Every space ninja needs a Space Mom
Above sentence is something that makes zero sense on its own. Yet, in the context of Warframe, it needs no explanation. Space Mom is the “second name” of Rebecca Ford, Live Ops & Community Director of Warframe. Along with Megan Everett and Steve Sinclair, they’re the faces of Warframe during the frequent Prime Time and Dev streams on Twitch. The involvement doesn’t stop there. They’re often seen lurking (and commenting) on Warframe subreddit and it is not uncommon that many propositions from players there soon enough find their way in the game. They’re quick to iron out any new bugs or glitches. A lot of devs often say that their game is driven and shaped by the community but in the case of DE, their actions and involvement speak more than words. It shows that as much of it is their job, a whole lot of it is driven by their passion and love for the game. Nowadays I tune in for their Twitch streams just for the positive energy that can be felt from the studio, as silly as it sounds. And sometimes merely to laugh, as their Prime Time streams derail into complete randomness and occasional false fire alarms. The community involvement can be something that will make or break the game, regardless if it had a well-received launch. Often I’ve been a witness of many games on Steam digging their own grave by going against the players’ wishes, having zero communication or adding stuff later that no one asked for. It all leads to a dying and eventually – nonexistent player base. Involvement of the folks at DE is something that seems like it latched onto the whole Warframe community. On my return there, I had many questions regarding the new stuff they implemented. Every time I asked something in region chat, it felt like people were racing who would message me first with an explanation how something worked and offering me more help. It’s something I haven’t encountered in any MMO so far. The friendliness of the players seems almost surreal compared to the overall theme of the game where you often need to hack n slash through as many enemies as possible.

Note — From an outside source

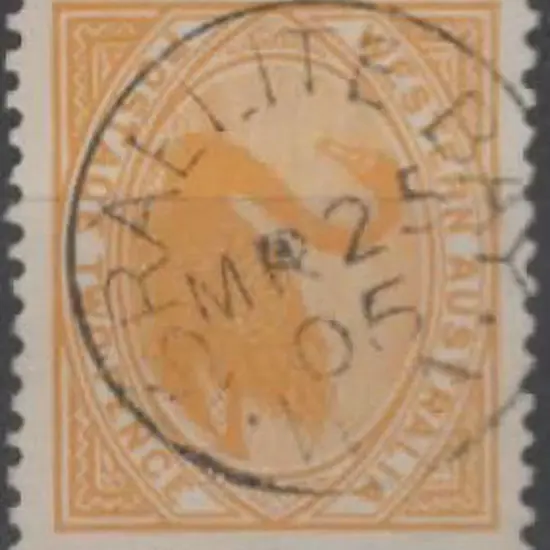 Israelite Bay 3b 95% crisp impression on 2d swan. ...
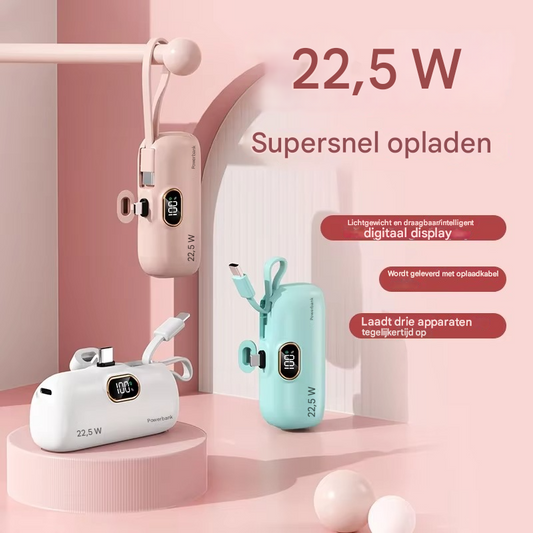 PowerPod™ | Dagenlang batterij zonder stopcontact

Extraction is available, if you need it
So here we are. For certain devs and publishers, simply buying a game doesn’t cut it anymore. Some resorted to charging us some more through loot boxes or downloadable content that felt like it was taken out of the game just to be sold separately. It’s like all the worst from mobile and free-to-play games found its way into AAA releases. Last year, gaming press would call out and condone such behavior whenever it was possible. Rightfully so, I’d say. For the most part, 2017 felt like it was all about that. And who knows, maybe it is if we choose to only focus on the negative. I’ll remember it as the year of being reconnected with a game I played years ago. This time finding it in a far better state, and all the addiction & time sink of an average MMO. With an added bonus of welcoming community and fun gameplay mechanics this already feels like a game where I’ll spend 800 more hours. For everyone else, just give it a go. It’s free, fun and without any of the bad elements that one might expect from a free-to-play title. Warframe is not just an example of making a f2p game right, but also a story of hard work, dedication and lot of passion from the developers behind it.
In any case, you’re all welcome to find me there under the nick of xarabas02 and Warframe is available to download from Steam for free here. See you on the Plains, Tenno!